Mr Shapps, MP for Welwyn Hatfield, said he had first asked the Foreign Office to assist the family five years ago.

He has now asked foreign minister David Lidington to take up the case. ‘This has turned into a 14-year bureaucratic nightmare for Aimee and her parents,’ he said.

‘It’s having a direct impact on her life and it’s time for the Spanish authorities to cut through the red tape and issue Aimee with her birth certificate.

‘I won’t rest until the entire family can finally leave the country to go off on holiday together for the very first time.’

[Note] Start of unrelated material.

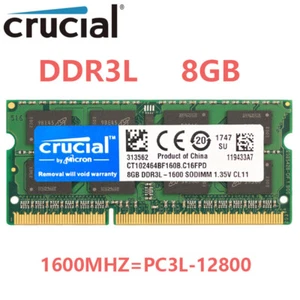 Crucial 8GB DDR3L 1600MHz PC3L-12800 204-Pin Sodimm memory LAPTOP RAM  LOT DDR3L - Picture 1 of 11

Mr Okines, a full-time carer to Miss Rayner, who has multiple sclerosis, wrote a dozen letters over several years to the hospital in Denia asking for proof of Aimee’s birth, but never received a reply.

In 2006, he asked the Home Office if Aimee could be automatically granted UK citizenship after living here for ten years. But he was told he would still need to provide her birth certificate.

Finally the couple, who also have a son Jake, 11, flew out to Spain for a week in April last year to find that a new hospital had since been built in Denia.

Staff there ‘said I should write to the Spanish president to get it sorted’, Mr Okines said.